__Problem requirements__
Pictures should be excluded; otherwise, copy every entry exactly.

Image-text web data

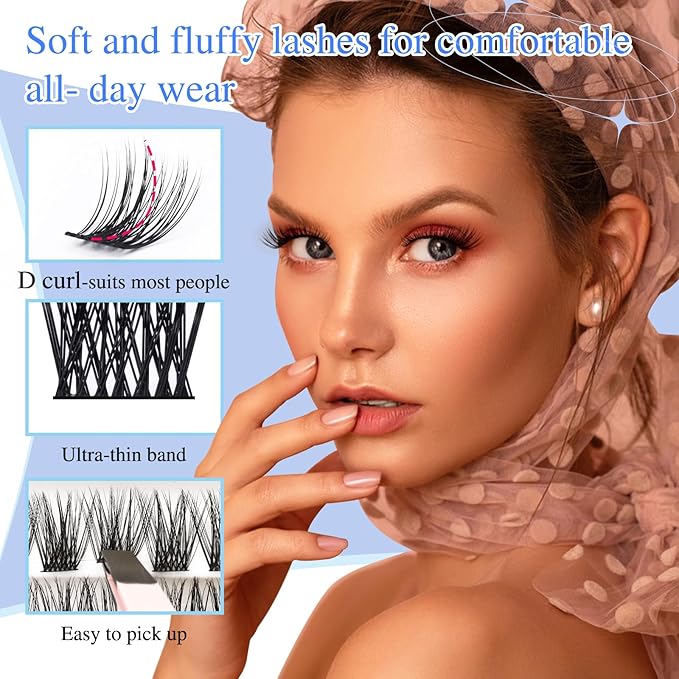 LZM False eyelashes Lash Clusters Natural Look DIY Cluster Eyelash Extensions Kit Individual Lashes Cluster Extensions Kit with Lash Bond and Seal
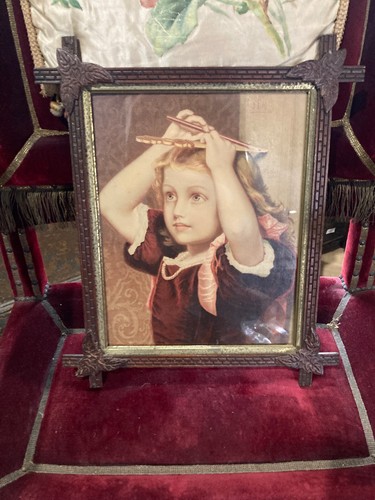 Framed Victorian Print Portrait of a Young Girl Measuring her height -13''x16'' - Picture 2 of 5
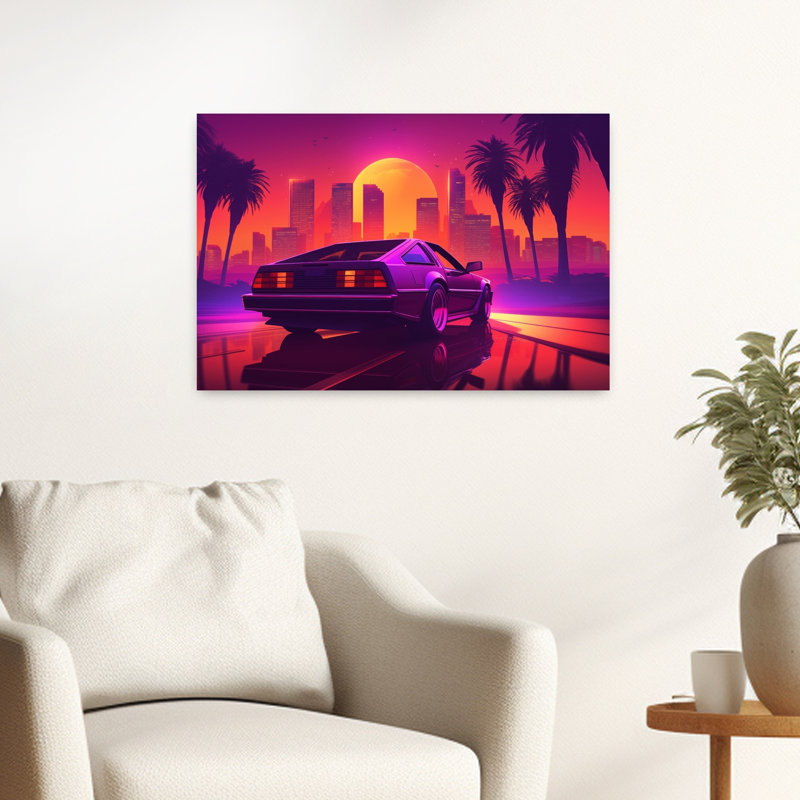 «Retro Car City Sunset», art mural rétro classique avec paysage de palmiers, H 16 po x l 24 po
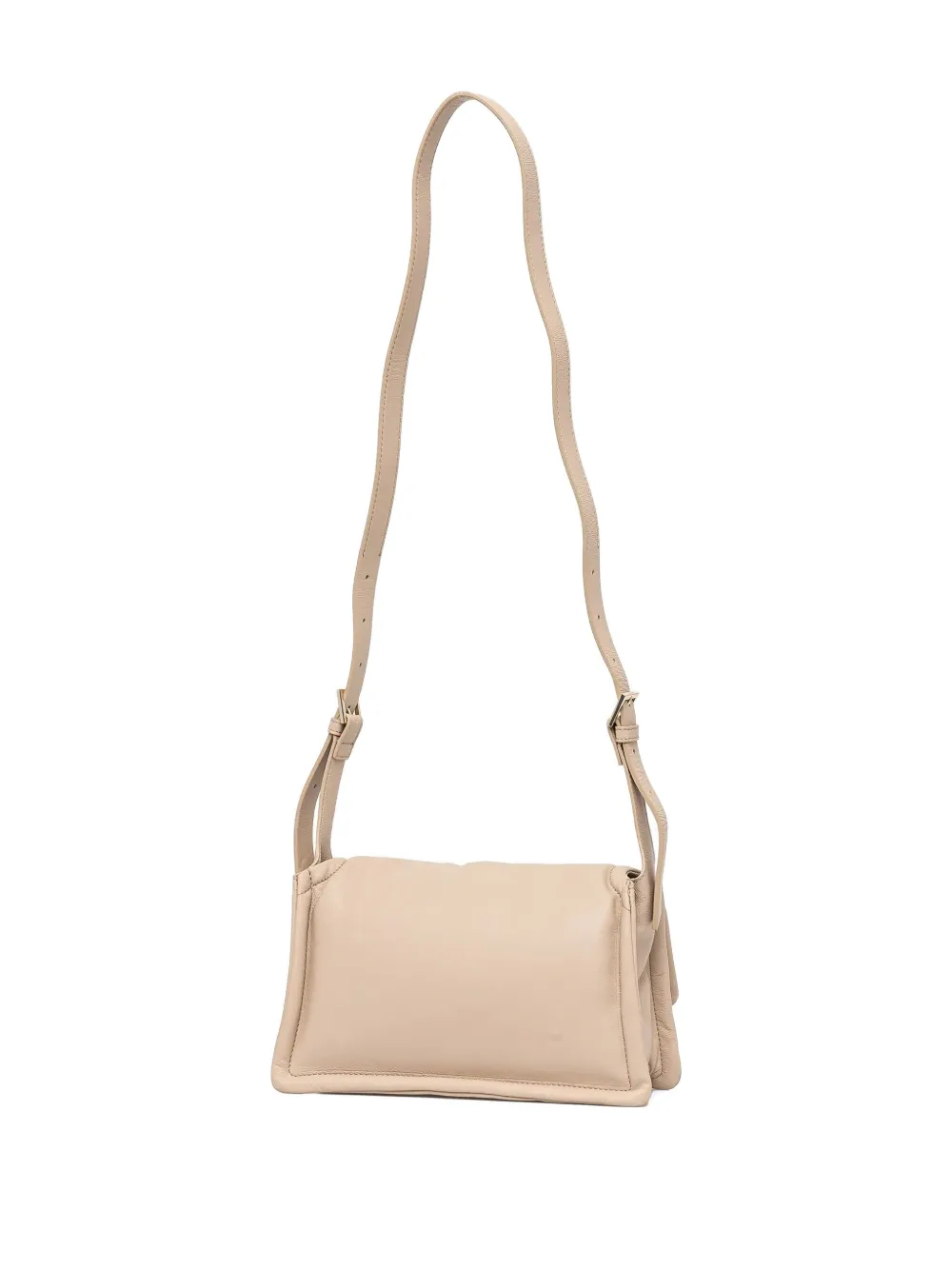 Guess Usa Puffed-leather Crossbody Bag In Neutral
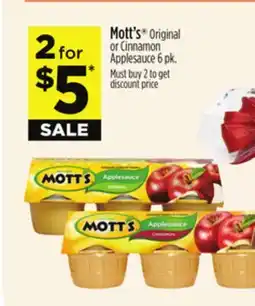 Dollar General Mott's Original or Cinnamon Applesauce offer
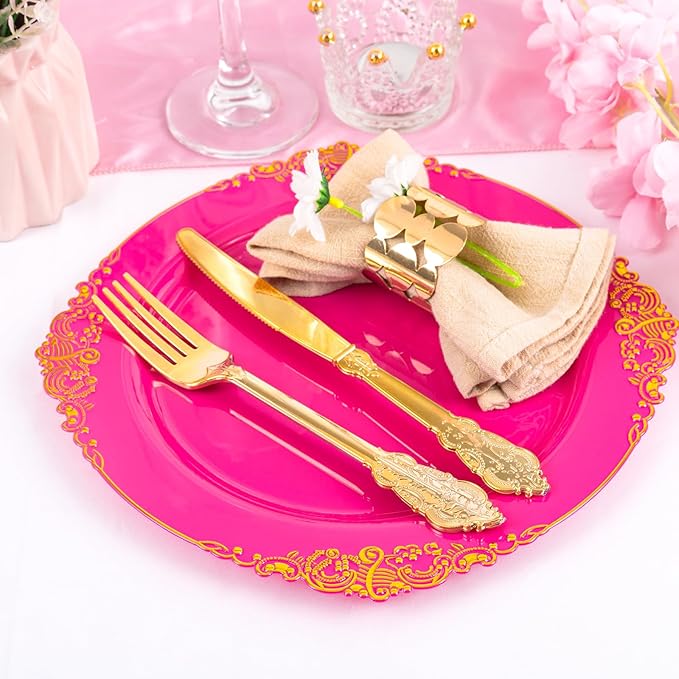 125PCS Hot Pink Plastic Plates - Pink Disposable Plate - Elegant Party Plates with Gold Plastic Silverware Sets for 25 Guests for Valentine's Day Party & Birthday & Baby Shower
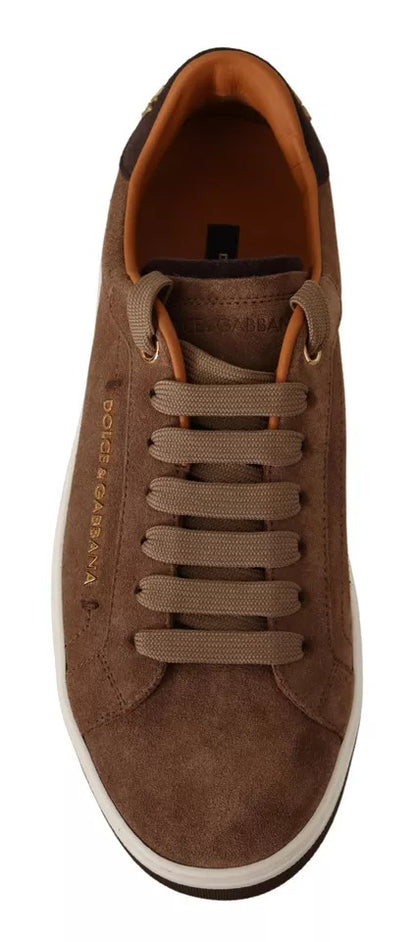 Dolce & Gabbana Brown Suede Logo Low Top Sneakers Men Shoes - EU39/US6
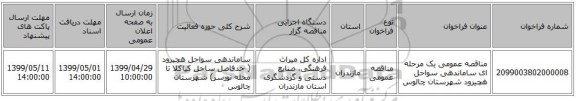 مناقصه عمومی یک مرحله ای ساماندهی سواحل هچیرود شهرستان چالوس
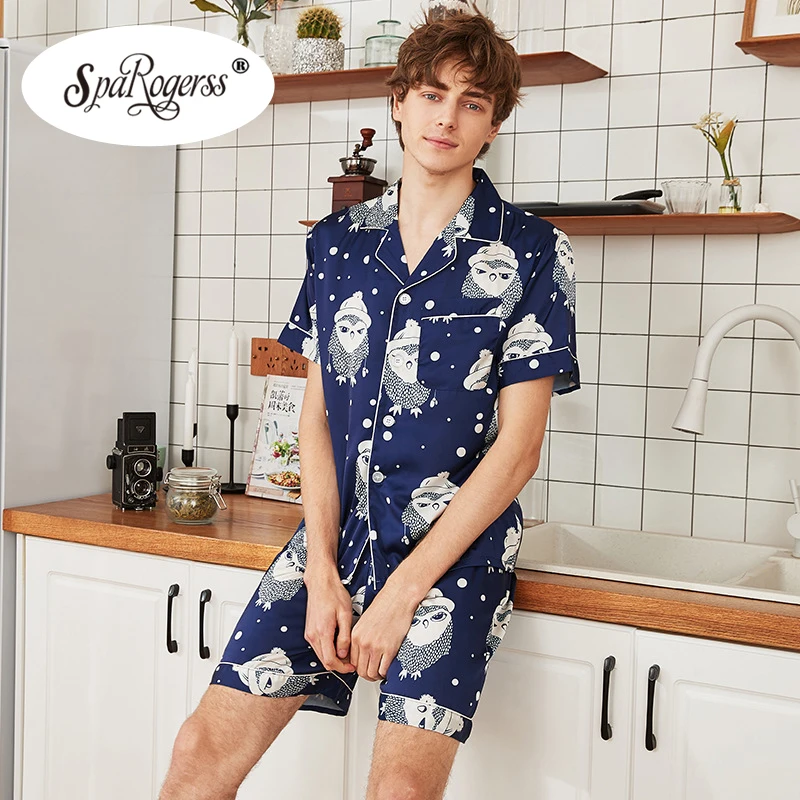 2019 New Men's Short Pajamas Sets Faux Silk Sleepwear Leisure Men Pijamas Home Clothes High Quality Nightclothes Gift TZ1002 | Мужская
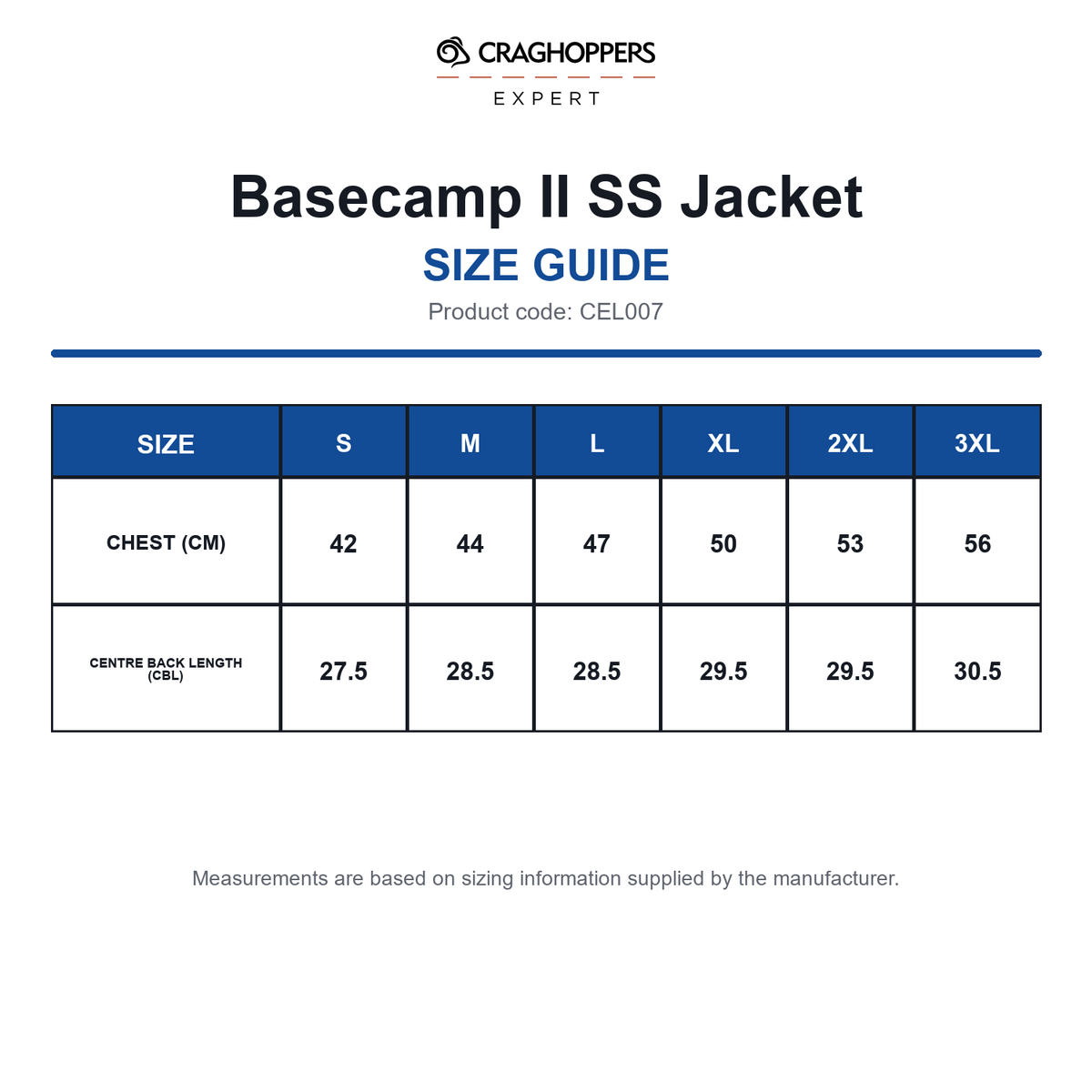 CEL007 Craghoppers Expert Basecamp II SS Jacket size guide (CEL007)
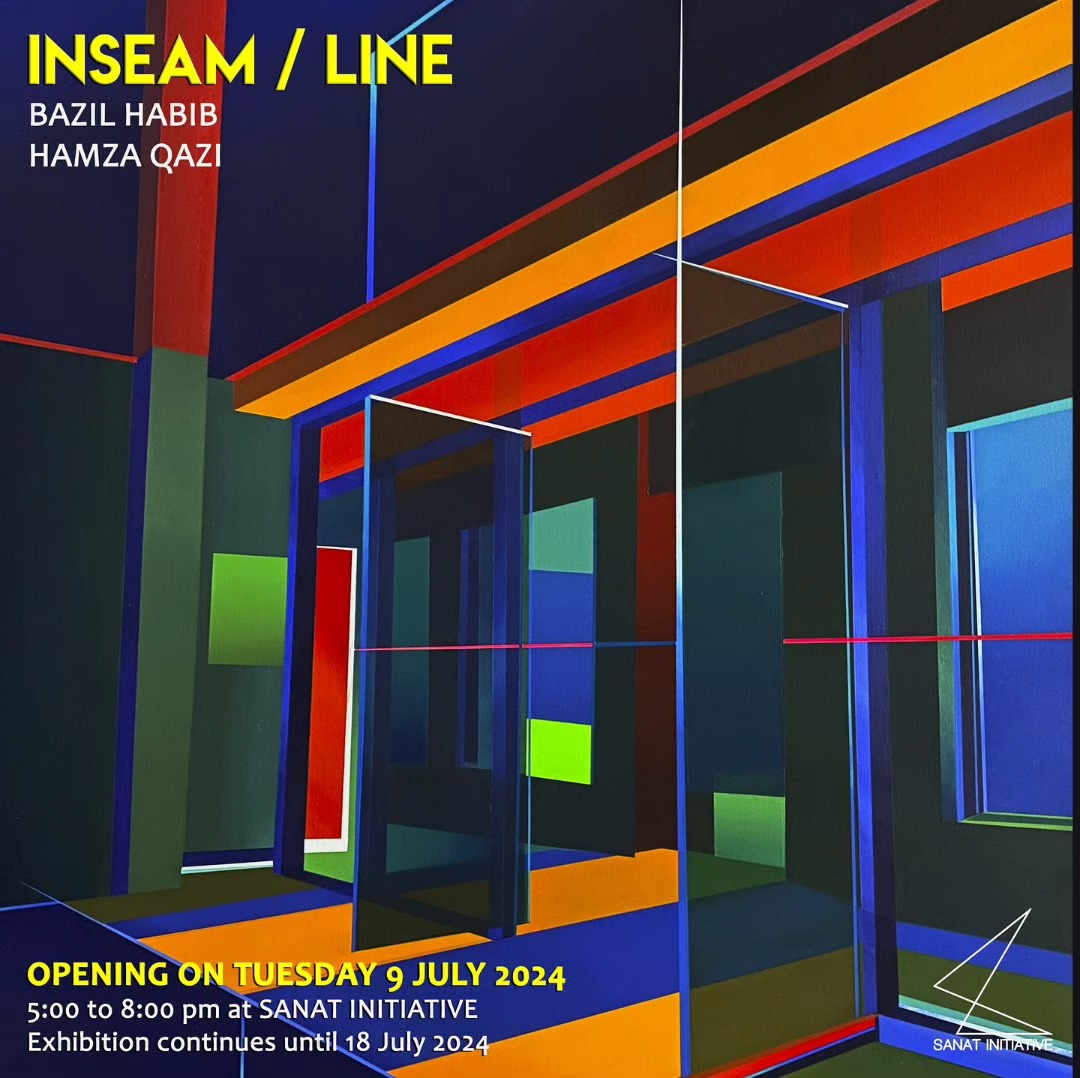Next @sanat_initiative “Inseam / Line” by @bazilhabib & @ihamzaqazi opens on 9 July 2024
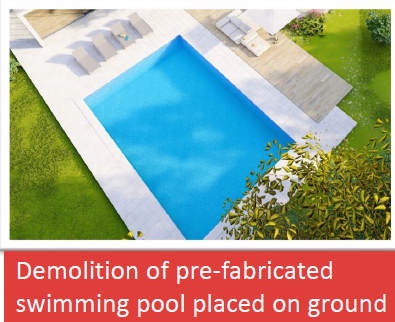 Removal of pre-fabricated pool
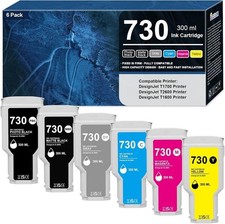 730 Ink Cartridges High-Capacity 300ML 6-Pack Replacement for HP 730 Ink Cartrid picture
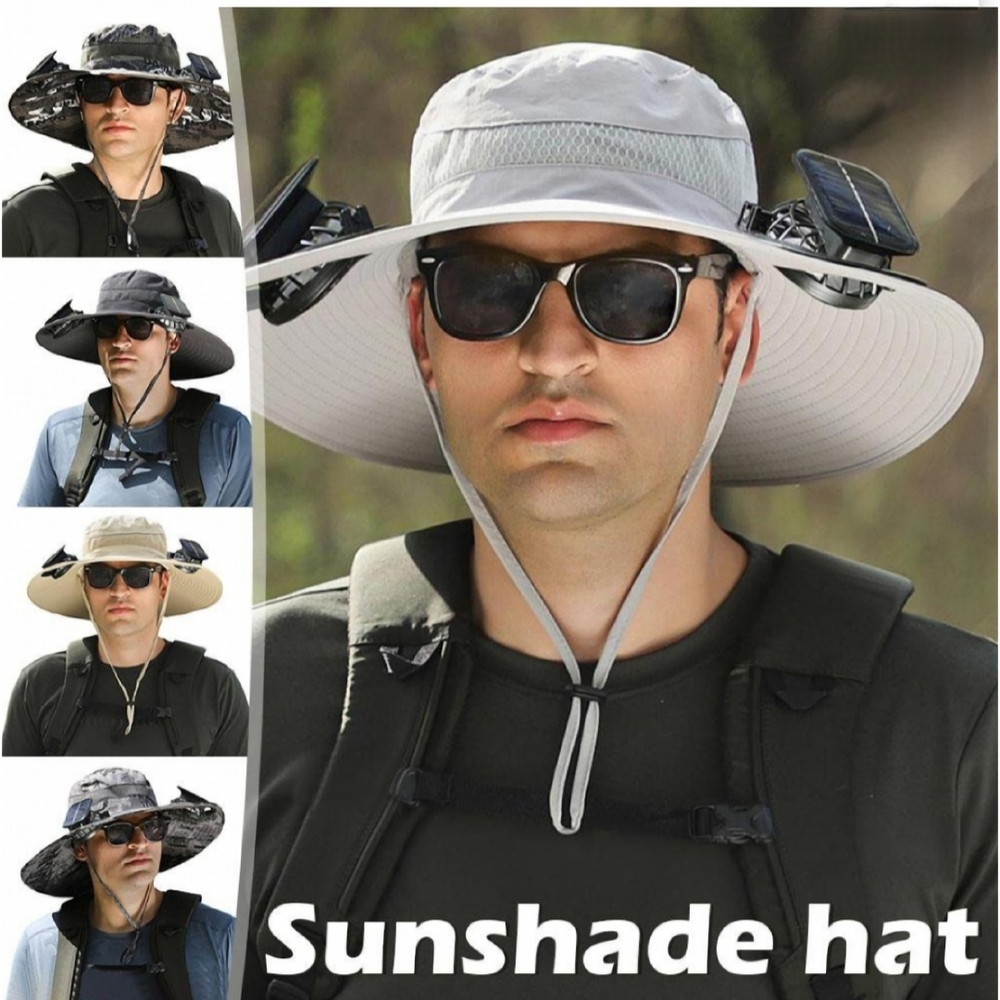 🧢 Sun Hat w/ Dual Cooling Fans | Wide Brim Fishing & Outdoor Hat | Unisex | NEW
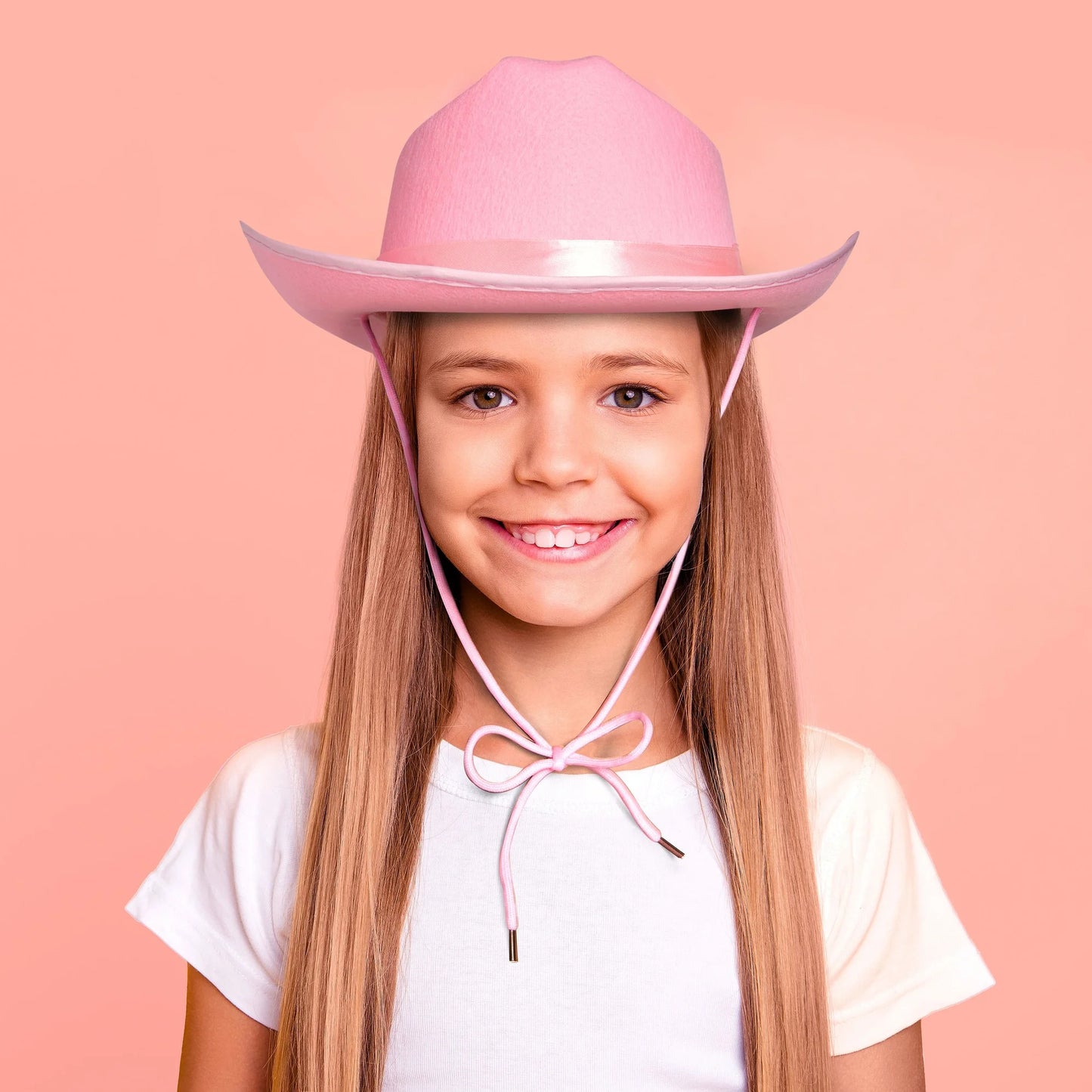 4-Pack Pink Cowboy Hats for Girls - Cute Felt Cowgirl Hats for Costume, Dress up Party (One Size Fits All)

__Answer to this exercise__
 LZM False eyelashes Lash Clusters Natural Look DIY Cluster Eyelash Extensions Kit Individual Lashes Cluster Extensions Kit with Lash Bond and Seal
 Framed Victorian Print Portrait of a Young Girl Measuring her height -13''x16'' - Picture 2 of 5
 «Retro Car City Sunset», art mural rétro classique avec paysage de palmiers, H 16 po x l 24 po
 Guess Usa Puffed-leather Crossbody Bag In Neutral
 Dollar General Mott's Original or Cinnamon Applesauce offer
 125PCS Hot Pink Plastic Plates - Pink Disposable Plate - Elegant Party Plates with Gold Plastic Silverware Sets for 25 Guests for Valentine's Day Party & Birthday & Baby Shower
 Dolce & Gabbana Brown Suede Logo Low Top Sneakers Men Shoes - EU39/US6
 مناقصه عمومی یک مرحله ای ساماندهی سواحل هچیرود شهرستان چالوس
 2019 New Men's Short Pajamas Sets Faux Silk Sleepwear Leisure Men Pijamas Home Clothes High Quality Nightclothes Gift TZ1002 | Мужская
 CEL007 Craghoppers Expert Basecamp II SS Jacket size guide (CEL007)
Next @sanat_initiative “Inseam / Line” by @bazilhabib & @ihamzaqazi opens on 9 July 2024
 Removal of pre-fabricated pool
 730 Ink Cartridges High-Capacity 300ML 6-Pack Replacement for HP 730 Ink Cartrid picture
 🧢 Sun Hat w/ Dual Cooling Fans | Wide Brim Fishing & Outdoor Hat | Unisex | NEW
 4-Pack Pink Cowboy Hats for Girls - Cute Felt Cowgirl Hats for Costume, Dress up Party (One Size Fits All)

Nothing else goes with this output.